Un fournisseur de la CS des Découvreurs visé par l'UPAC

Un fournisseur de services de la commission scolaire des Découvreurs est sous la loupe de l'Unité permanente anticorruption (UPAC). L'entreprise visée avait un contrat de plusieurs centaines de milliers de dollars dans le domaine de la formation professionnelle. Elle faisait aussi affaire avec d'autres ministères et organismes publics.
C'est en octobre que l'UPAC a avisé les dirigeants de la commission scolaire des Découvreurs que son fournisseur faisait l'objet d'une enquête. «Ils veulent voir si les contrats ont été respectés et, surtout, s'il y a eu de la double facturation», explique son directeur général, Reynald Deraspe, qui semblait surpris la semaine dernière d'être questionné à ce sujet.
Il n'a pas voulu divulguer le nom de l'entreprise concernée, se contentant d'expliquer qu'elle octroyait des services comme la «grande variété de gens avec qui on a des contrats». «Ça peut être de l'accompagnement d'élèves, de la formation, de la fourniture de matériaux ou de locaux», a-t-il vaguement précisé, ajoutant que cela faisait plusieurs années que la commission scolaire faisait affaire avec elle.
Plusieurs entités publiques concernées
Si Le Soleil a eu vent d'un contrat de 700 000 $, M. Deraspe se contente de valider qu'il s'agit de «quelques centaines de milliers de dollars». Il souligne également que la commission scolaire des Découvreurs n'aurait pas été la seule à être flouée.
«L'enquête porte sur la façon dont l'organisme, qui est en service avec nous et d'autres ministères et organismes, facturait», fait-il valoir, disant ignorer quelles sont les autres instances concernées. «On n'est pas en tête de l'enquête.

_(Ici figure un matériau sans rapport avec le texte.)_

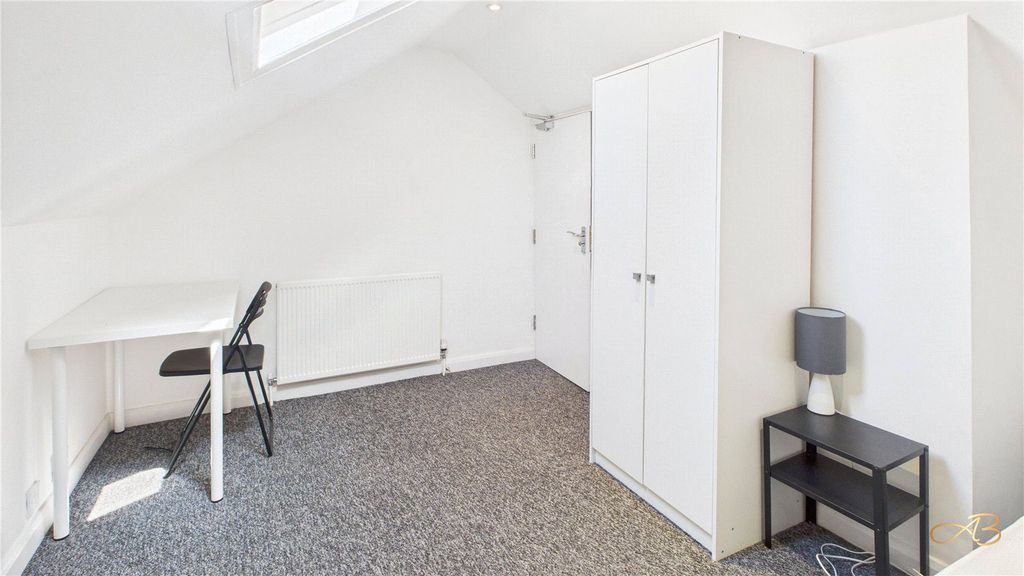 Property photo 1 of 6 Picture No. 21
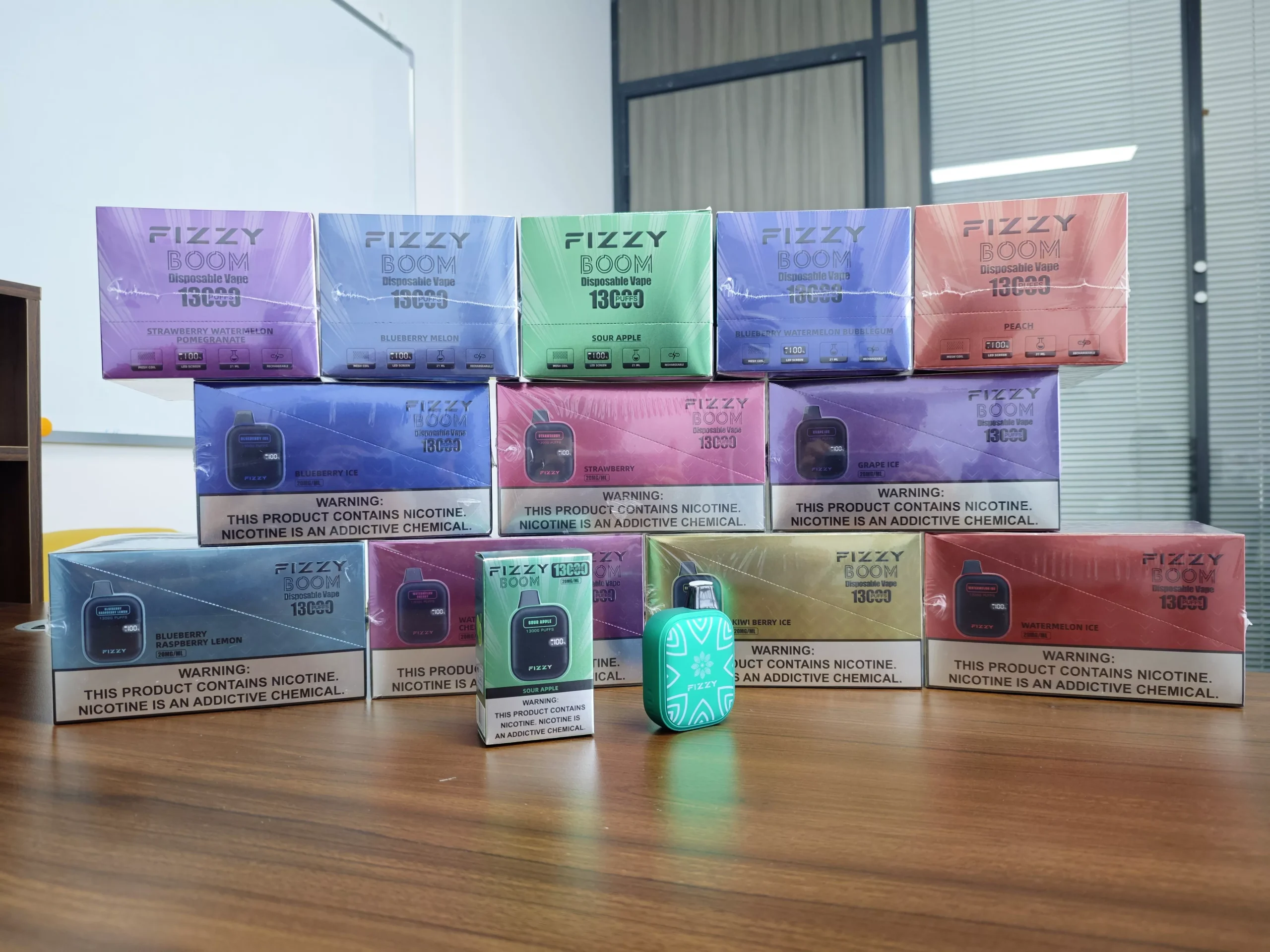 Europäisches Lager Fizzy Boom 13000 Puffs Niedrig Nikotin Kaufen Original Authentisch Aufladbare Einweg-Vapes Pen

L'enquête qui se fait actuellement à ma connaissance porte sur je ne sais pas si c'est 5, 10 ou 4 organismes publics.» De son côté, l'UPAC demeure muette. «On ne peut pas confirmer ou infirmer ces informations», a commenté la porte-parole, Anne-Frédérick Laurence.
Information publique?
La commission scolaire des Découvreurs a résilié en octobre son entente avec le fournisseur supposément fautif. M. Deraspe soutient que cela s'est fait dans la même semaine que le coup de fil de l'UPAC. Il précise cependant que c'est en dressant son bilan que la direction s'est aperçue qu'elle n'était pas satisfaite des services offerts.
Les élèves ont été avisés par téléphone et les enseignants rencontrés. Une solution de rechange a été trouvée, si bien qu'il n'y a eu aucun impact sur la formation qui devait être donnée, jure le directeur général. «Ça n'a pas du tout influencé la poursuite de leurs cours ou la réussite des élèves», insiste-t-il.
S'il assure que les gens concernés ont été avertis des changements, l'information n'a pas été relayée lors des réunions du conseil des commissaires qui ont suivi ou, du moins, aucun des procès-verbaux consultés par Le Soleil n'en fait mention. «Ça n'a pas à passer au conseil des commissaires, c'est des gestes administratifs. Il y a des politiques de délégation de pouvoirs et la gestion quotidienne, c'est le personnel administratif», tranche Reynald Deraspe.
La direction n'a pas encore décidé si elle pourrait poursuivre son fournisseur. «On n'ira pas non plus prendre la peine de porter des accusations si le ministère public en porte sur le même sujet, on peut les laisser aller», fait valoir le directeur général, qui dit suivre le dossier «de très près».